The rate at which local councils are able to borrow to invest was raised by one percentage point last week, as concerns mount over borrowing levels.
Rates on loans from the Public Works Loan Board have increased due to concerns over unsustainable borrowing, the Sunday Telegraph reported.
Pantheon Macro economist Samuel Tombs told the Telegraph that the Treasury’s intervention has seen borrowing costs “skyrocket” and has jeopardised “many capital projects that local authorities had planned”.
Councils have reportedly bought one in five shopping centres sold since 2016, as property developers exit the struggling sector and local authorities seek new revenue streams following cuts to central government funding.
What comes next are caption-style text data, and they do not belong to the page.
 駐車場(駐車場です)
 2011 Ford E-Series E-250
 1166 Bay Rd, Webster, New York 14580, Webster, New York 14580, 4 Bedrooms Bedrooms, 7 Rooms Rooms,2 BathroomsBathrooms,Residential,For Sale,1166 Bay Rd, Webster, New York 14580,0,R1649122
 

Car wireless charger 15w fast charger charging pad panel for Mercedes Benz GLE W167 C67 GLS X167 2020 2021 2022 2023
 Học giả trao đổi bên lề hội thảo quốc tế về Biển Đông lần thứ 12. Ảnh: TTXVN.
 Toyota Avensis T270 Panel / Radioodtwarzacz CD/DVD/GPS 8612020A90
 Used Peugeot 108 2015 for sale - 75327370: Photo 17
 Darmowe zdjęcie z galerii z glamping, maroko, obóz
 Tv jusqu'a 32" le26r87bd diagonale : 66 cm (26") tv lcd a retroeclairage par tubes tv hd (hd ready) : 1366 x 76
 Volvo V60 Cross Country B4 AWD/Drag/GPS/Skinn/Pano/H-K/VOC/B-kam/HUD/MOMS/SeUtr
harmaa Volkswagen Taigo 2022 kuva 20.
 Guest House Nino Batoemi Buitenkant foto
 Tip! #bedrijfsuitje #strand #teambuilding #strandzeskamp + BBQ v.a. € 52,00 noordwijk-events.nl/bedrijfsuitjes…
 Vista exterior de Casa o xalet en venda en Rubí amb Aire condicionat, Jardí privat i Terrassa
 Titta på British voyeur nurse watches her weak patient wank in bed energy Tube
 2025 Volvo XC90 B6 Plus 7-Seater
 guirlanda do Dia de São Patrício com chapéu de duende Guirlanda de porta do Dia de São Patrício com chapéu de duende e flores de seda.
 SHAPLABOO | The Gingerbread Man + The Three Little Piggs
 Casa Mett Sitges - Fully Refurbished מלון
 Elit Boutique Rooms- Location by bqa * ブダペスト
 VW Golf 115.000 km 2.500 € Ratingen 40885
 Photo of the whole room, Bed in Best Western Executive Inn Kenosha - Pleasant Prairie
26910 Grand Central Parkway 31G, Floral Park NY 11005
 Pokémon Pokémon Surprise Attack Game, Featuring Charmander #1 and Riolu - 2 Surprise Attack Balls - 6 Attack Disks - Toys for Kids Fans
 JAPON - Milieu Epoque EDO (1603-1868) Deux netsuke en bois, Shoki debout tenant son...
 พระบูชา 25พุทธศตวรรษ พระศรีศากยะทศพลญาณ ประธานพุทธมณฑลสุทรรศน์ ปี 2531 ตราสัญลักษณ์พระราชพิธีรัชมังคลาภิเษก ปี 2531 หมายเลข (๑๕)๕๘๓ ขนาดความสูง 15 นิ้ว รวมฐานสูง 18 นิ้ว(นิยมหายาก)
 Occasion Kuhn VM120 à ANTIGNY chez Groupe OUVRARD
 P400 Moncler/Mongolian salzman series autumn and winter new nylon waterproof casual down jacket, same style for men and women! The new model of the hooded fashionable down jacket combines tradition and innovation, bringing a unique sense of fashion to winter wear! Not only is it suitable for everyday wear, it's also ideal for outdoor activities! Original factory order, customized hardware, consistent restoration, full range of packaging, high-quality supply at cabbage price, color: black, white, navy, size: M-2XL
Last week, retail landlord Hammerson offloaded St Oswald’s retail park in Gloucester to the local council for £54m as it continued with its property disposal programme. Mole Valley district council in Surrey bought an Asda site in South Wales for £11.5m.
The Local Government Chronicle reported that the amount spent by councils in England on investment properties increased from £76.4m in 2014/15 to £1.8bn in 2017/18.
Property giants, including British Land, Intu and Hammerson, have seen their portfolio valuations fall as retailers shutter stores and seek rent reductions, often using controversial company voluntary arrangements (CVAs) to restructure.
High street stalwarts such as Sir Philip Green’s Arcadia, which owns Topshop, Topman and Dorothy Perkins, and Monsoon Accessorize have recently implemented CVAs to slim down their store portfolios and secure rent cuts.